Three pieces of evidence suggest that Ac23 (and probably other F homologs from group I NPVs) plays a role different from that of GP64 and group II NPV F proteins. First, while the F protein from SeMNPV (SeF) was able to substitute for the unrelated GP64 protein in the context of an AcMNPV infection (18), it did not rescue the deletion of a related gene Ac23 in the Ac23null virus. Second, the GP64 and F proteins from group II NPVs have pH-mediated membrane fusion activity (3, 15, 25), while no such activity has been detected in F homolog proteins from gp64-containing viruses (reference 27 and unpublished data). Third, a conserved furin-like cleavage site found in F proteins from group II NPVs (Ld130 and Se8) and GVs (Xc27, Px26) (15) is absent from F homologs from group I NPVs (Ac23 and Op21) (19, 28). Functional studies of the SeMNPV F protein showed that cleavage at the furin-like cleavage site is essential for (i) pH-triggered membrane fusion activity (32) and (ii) rescue of a gp64null AcMNPV virus by the SeMNPV F protein (18). Thus, the furin cleavage site serves as an indicator of the functional divergence of F proteins from group I and group II NPVs. The observation that the SeMNPV F protein did not rescue the delayed-mortality phenotype caused by an Ac23 deletion (and exacerbated the phenotype) suggests several possible explanations. One possibility is that proteins that normally interact with Ac23 may interact nonproductively with SeF, resulting in a more dramatic phenotype. Alternatively, because it is also an envelope fusion protein, the SeF protein may interact with GP64 or other components of the entry or fusion apparatus, disrupting normal functions of GP64. Thus, while the SeF protein may also accelerate mortality in the context of an SeMNPV infection, we were unable to demonstrate this by using the current heterologous system.

A mechanistic explanation for the effect of Ac23 on the acceleration of host mortality is lacking. However, our analysis of infectious BV production and pathogenesis suggests that the observed effects of the Ac23 knockout are not the result of decreased BV production in vivo and did not result from an obvious delay in the systemic spread of viral infection. Thus, the point at which Ac23 exerts its effect in the cell is not clear and requires further study. A recent report that the OpMNPV F protein (Op21) is more tightly associated with the nucleocapsid than it is with a membrane fraction containing GP64 (27) is intriguing and further supports the contention that the F protein homolog plays a distinctively different role from that of GP64.
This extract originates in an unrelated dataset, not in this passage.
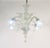 Baroque Vintage Baroque Style Four Arm Opaline Murano Chandelier For Sale - Image 3 of 12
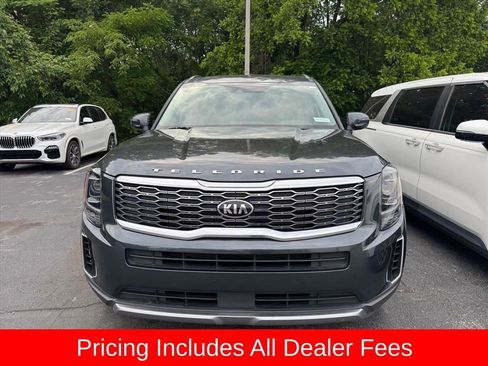Used 2020 Kia Telluride EX w/ EX Premium Package FWD image 11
In conclusion, we used a new bacmid-based knockout system to delete the AcMNPV F homolog gene (Ac23) and to examine the function of Ac23 in the context of infected insect cells in culture and in orally infected insect larvae. We show that Ac23 is not essential for viral replication or pathogenesis but plays an important role in accelerating mortality in the host insect and thus represents a newly identified pathogenicity factor in the Baculoviridae.